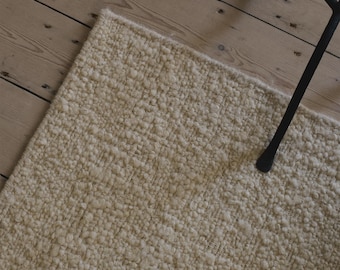 Puede incluir: Primer plano de una alfombra texturizada de color crema con un patrón tejido. La alfombra es rectangular y parece estar hecha de una fibra natural gruesa. Un objeto de metal negro es parcialmente visible en la esquina superior derecha. La alfombra está sobre un suelo de madera clara.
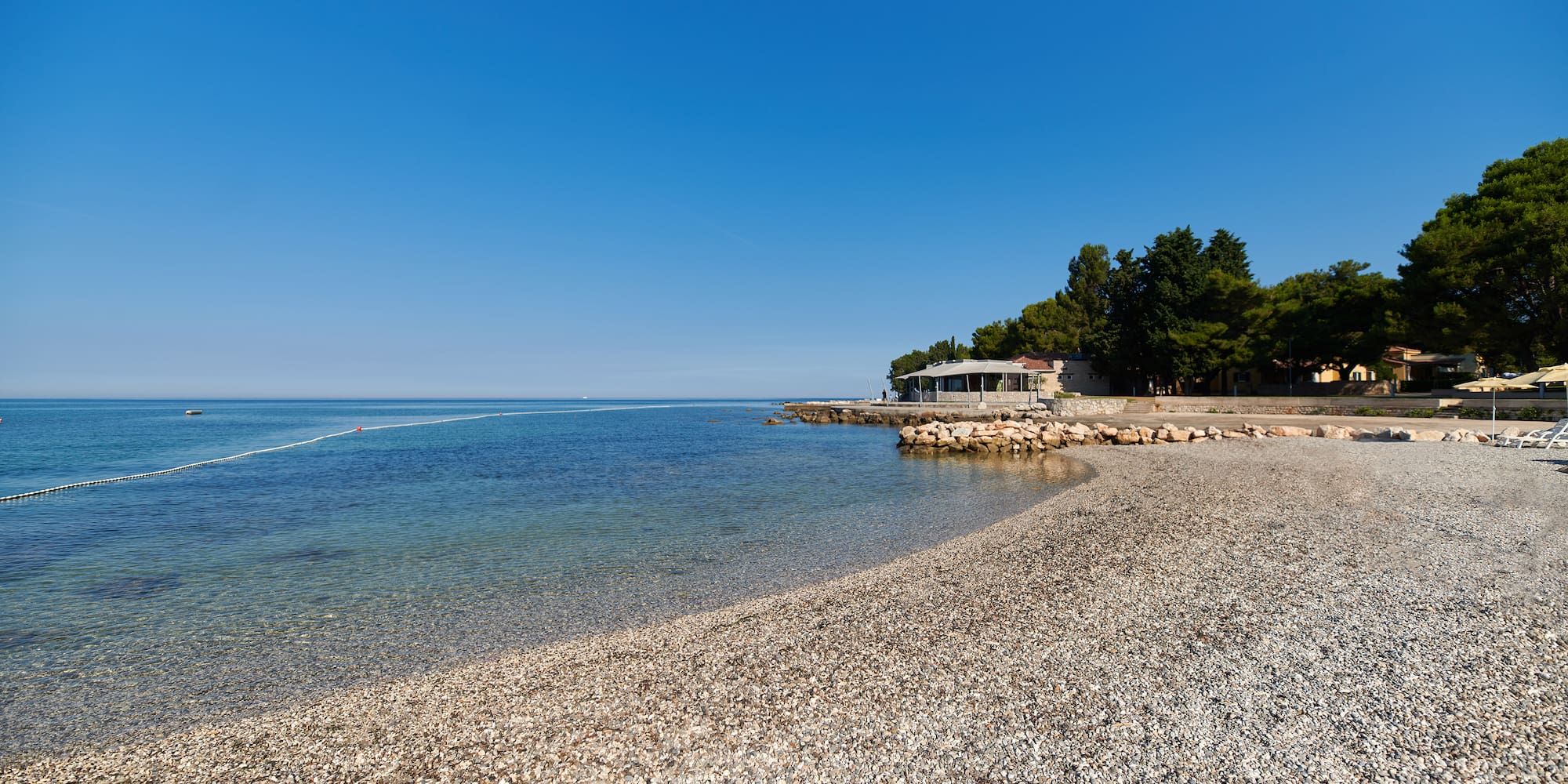 a beach with trees and a building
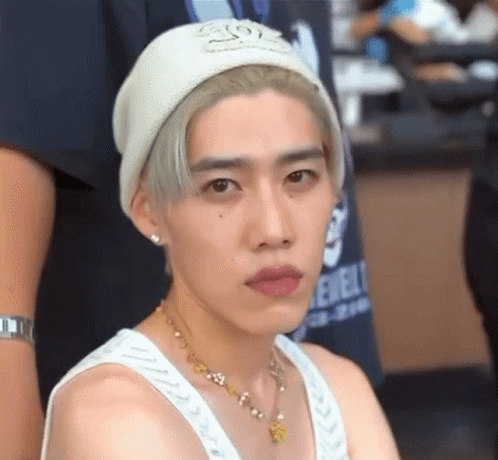 A Young Man Wearing A White Beanie And A White Tank Top . GIF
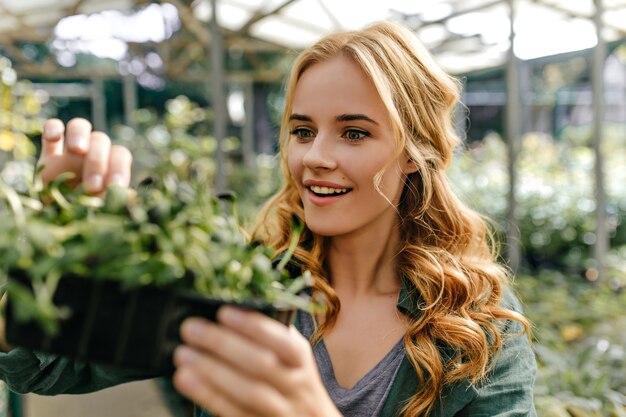 Surprised green-eyed lady looks at plant in amazement. Portrait of cute long-haired European model who loves botany.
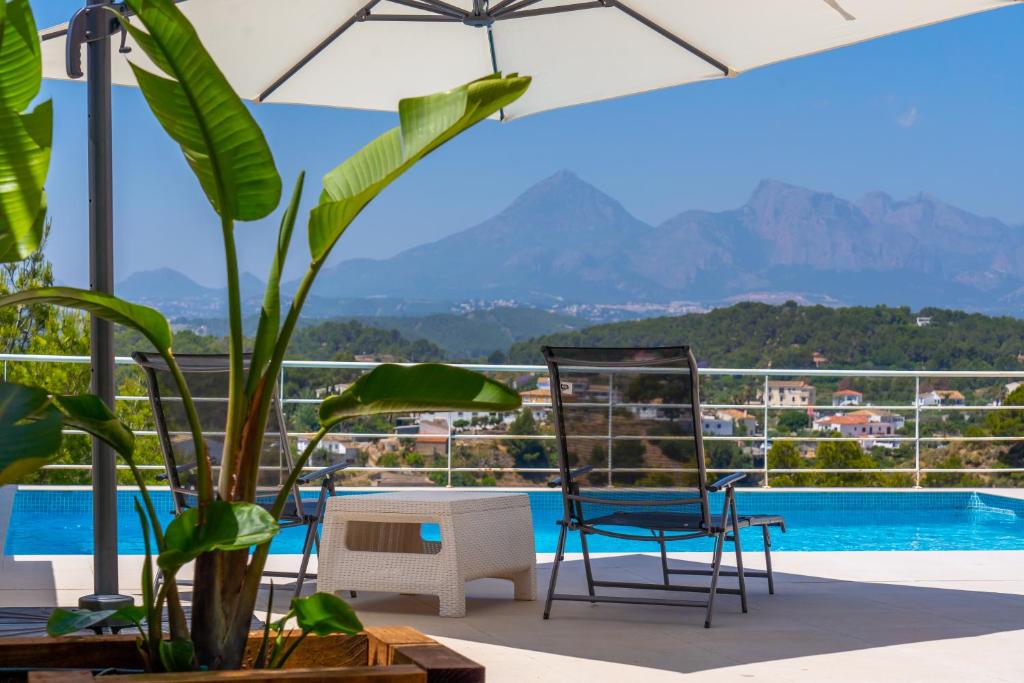 a patio with chairs and a plant and a pool at Villa Mimosas in Altea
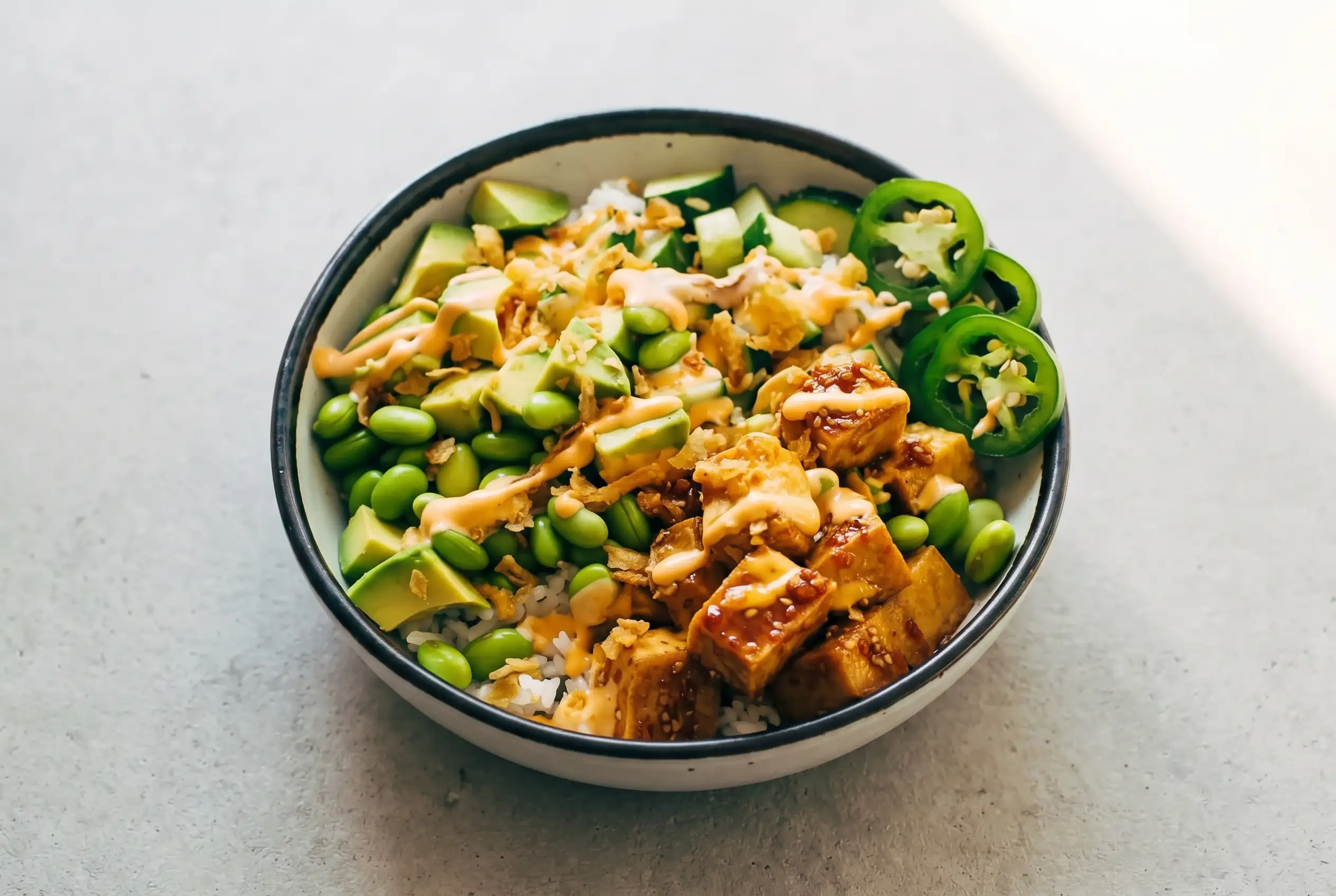 Crunchy roll bowls with crispy tofu, rice, edamame, avocado, cucumber, spicy mayo, and fried onions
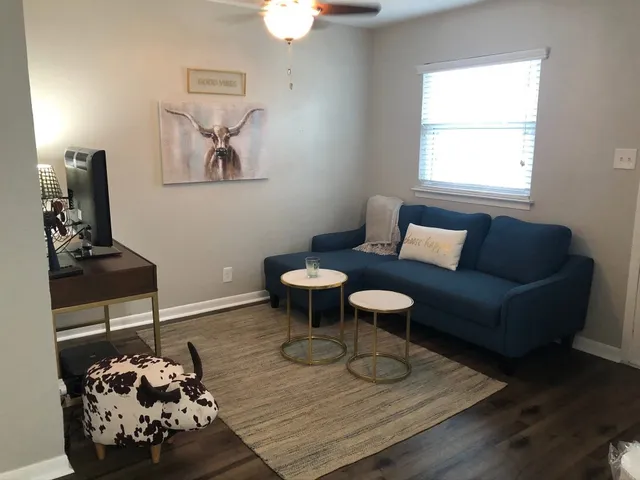 a living room with furniture and a table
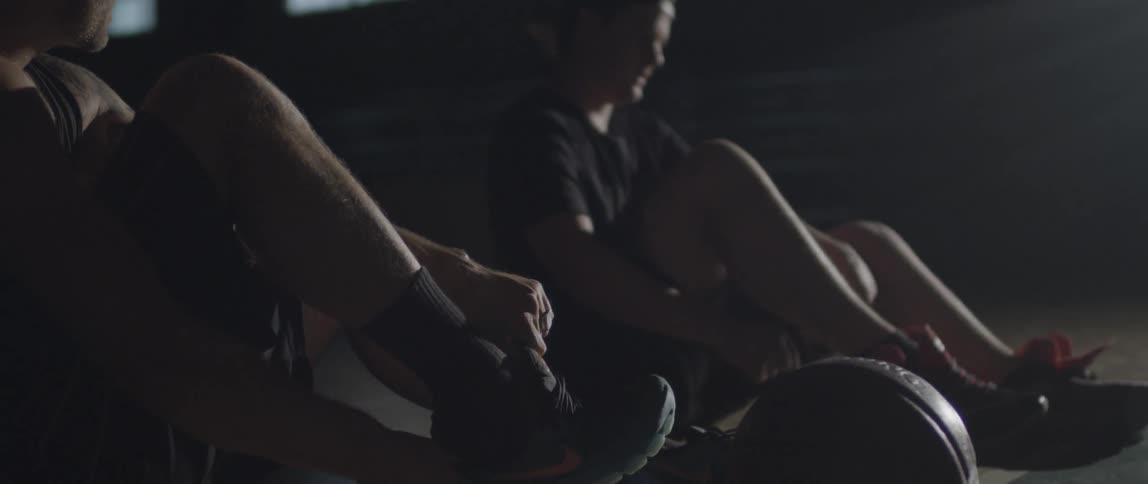 Men sit on a gymnasium floor and put on their shoes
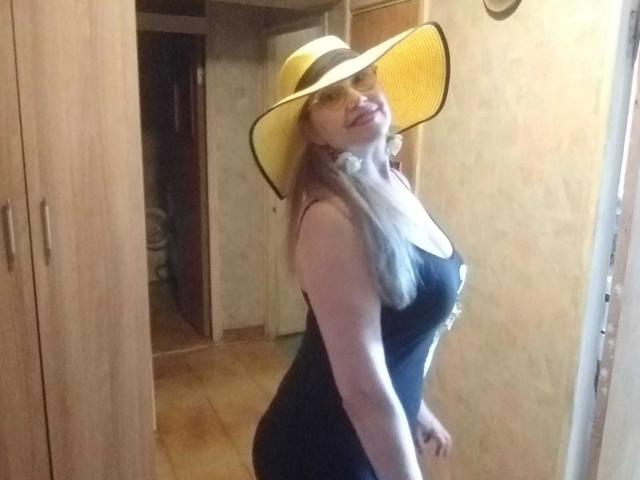 LadyMariahX with big tits, wearing a black dress and yellow sun hat, standing in a room, smiling, blonde hair, fair skin, and curvy body, with her ass slightly turned.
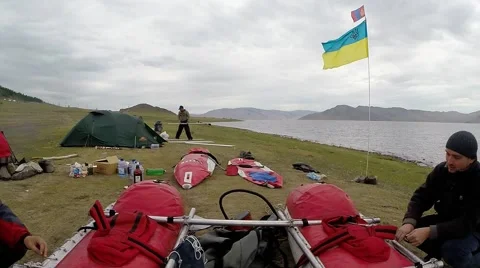 People Talking at the Red Boat on a Background of the Campground With a Stock Footage 61175202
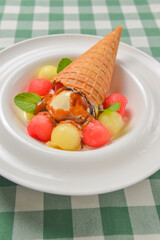 Refreshing melon ice cream with a cone in a white plate. Delicious summer dessert. Cold ice cream fruit sorbet.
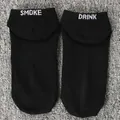 Close-up of black funny socks featuring white embroidered SMOKE and DRINK text on top. - One Size / SMOKE DRINK / Black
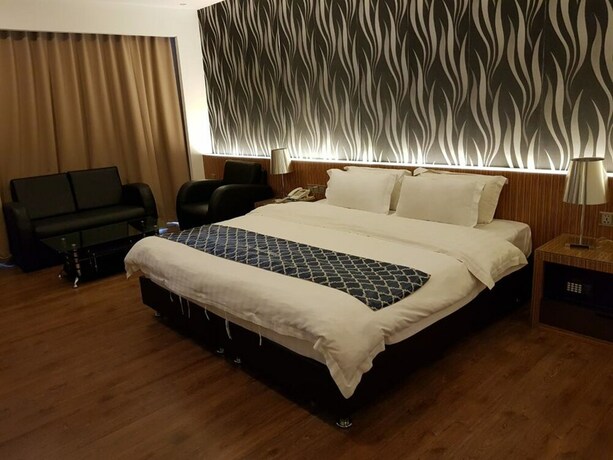 Imagen de la habitación del Motel New World, BINTULU. Foto 11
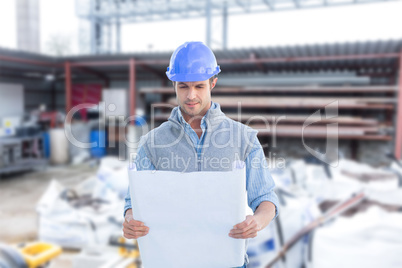 Composite image of architect reading blueprints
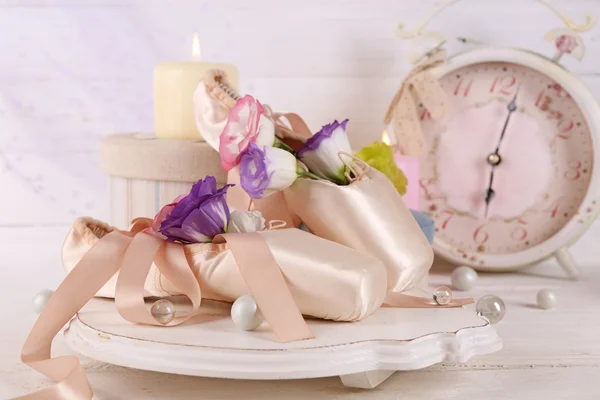 Belle composition de chaussures de ballet décorées avec de vieilles horloges sur fond de bois crémeux — Photo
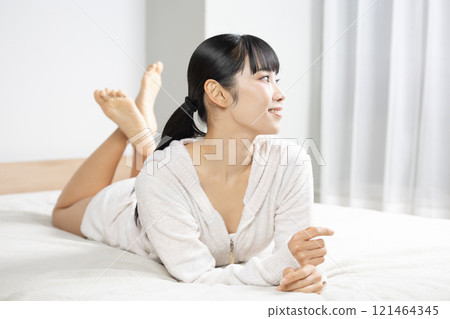 清晨穿著睡衣躺在床上的年輕女子 清晨穿著睡衣躺在床上的年輕女子 121464345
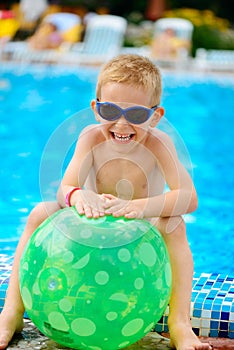 Cute boy in sunglasses sitting at pool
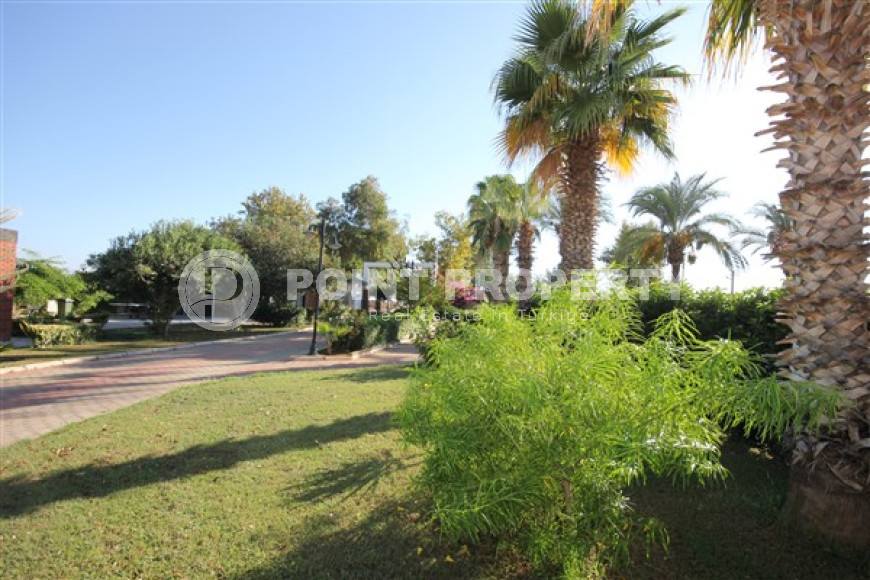 Трехкомнатная видовая квартира, 115м², с новой мебелью, в 50м от моря в районе Алании Демирташ-id-1732-фото-4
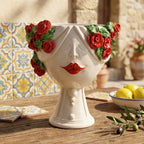 Handmade Teste di Moro planter with red roses, ceramic face, and vibrant Sicilian tiles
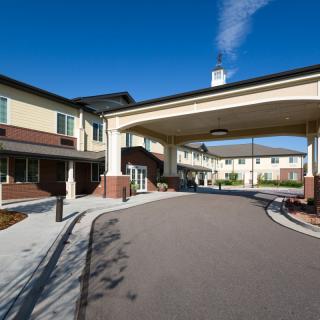 The image shows the entrance and driveway of a modern building on a clear day.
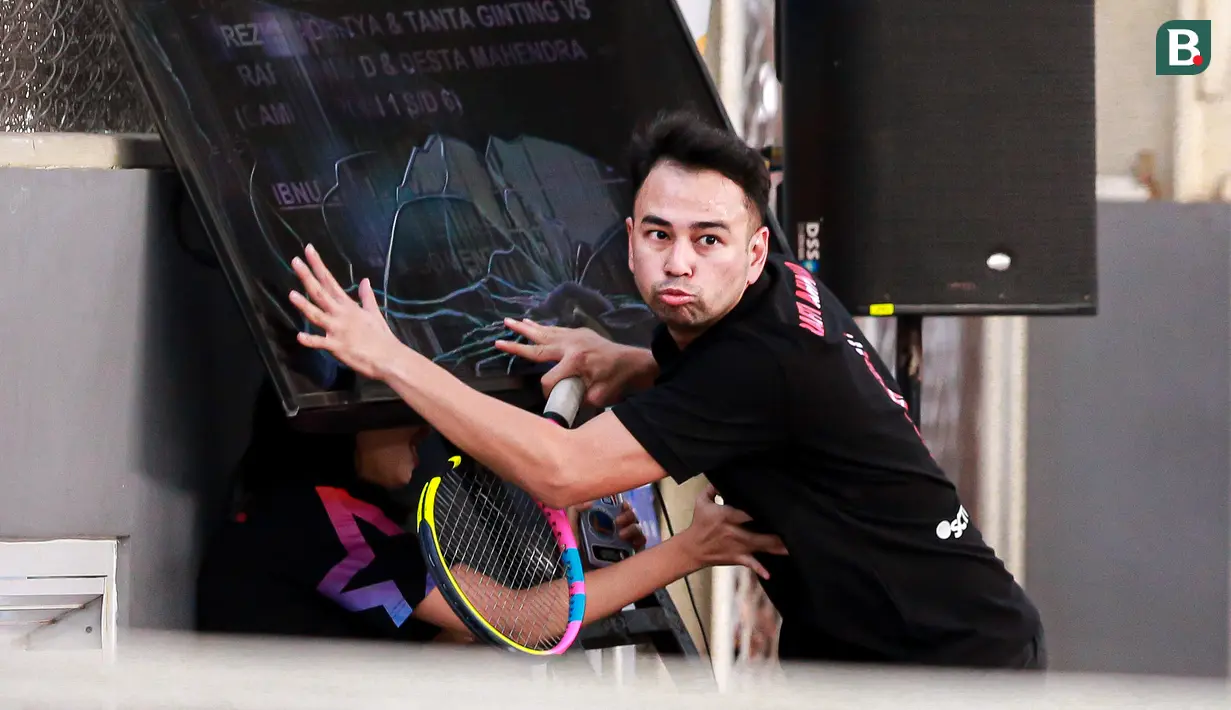 Selebritas Indonesia, Raffi Ahmad menabrak layar TV setelah berusaha mengembalikan bola ke arah pasangan Rezky Aditya dan Tanta Ginting pada laga tenis nomor ganda putra Turnamen Olahraga Selebriti Indonesia di GOR UNJ, Jakarta, Minggu (30/07/2023). Raffi yang berpasangan dengan Deddy Mahendra Desta menang dengan skor 4-6, 6-4, dan 6-4. (Bola.com/Bagaskara Lazuardi)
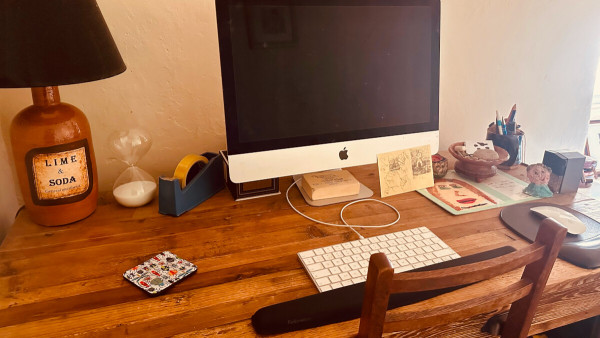 A computer on a writer's desk, with sketches, a clay sculpture and a pot of pens to the side.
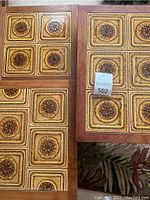 Top view of two adjacent table tops showing wood frames and tile inlay pattern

--------------------------------

ASSIGNED TASK:
Write out exactly the run of lines above that starts at the line containing "A Young Man" and ends at the line containing "Cute boy in sunglasses sitting at pool". Include both, and leave the pictures out.

RESPONSE:
 A Young Man Wearing A White Beanie And A White Tank Top . GIF
 Surprised green-eyed lady looks at plant in amazement. Portrait of cute long-haired European model who loves botany.
 a patio with chairs and a plant and a pool at Villa Mimosas in Altea
 Crunchy roll bowls with crispy tofu, rice, edamame, avocado, cucumber, spicy mayo, and fried onions
 a living room with furniture and a table
 Men sit on a gymnasium floor and put on their shoes
 LadyMariahX with big tits, wearing a black dress and yellow sun hat, standing in a room, smiling, blonde hair, fair skin, and curvy body, with her ass slightly turned.
 People Talking at the Red Boat on a Background of the Campground With a Stock Footage 61175202
 Refreshing melon ice cream with a cone in a white plate. Delicious summer dessert. Cold ice cream fruit sorbet.
 Close-up of black funny socks featuring white embroidered SMOKE and DRINK text on top. - One Size / SMOKE DRINK / Black
 Imagen de la habitación del Motel New World, BINTULU. Foto 11
 Composite image of architect reading blueprints
 Belle composition de chaussures de ballet décorées avec de vieilles horloges sur fond de bois crémeux — Photo
 清晨穿著睡衣躺在床上的年輕女子 清晨穿著睡衣躺在床上的年輕女子 121464345
 Cute boy in sunglasses sitting at pool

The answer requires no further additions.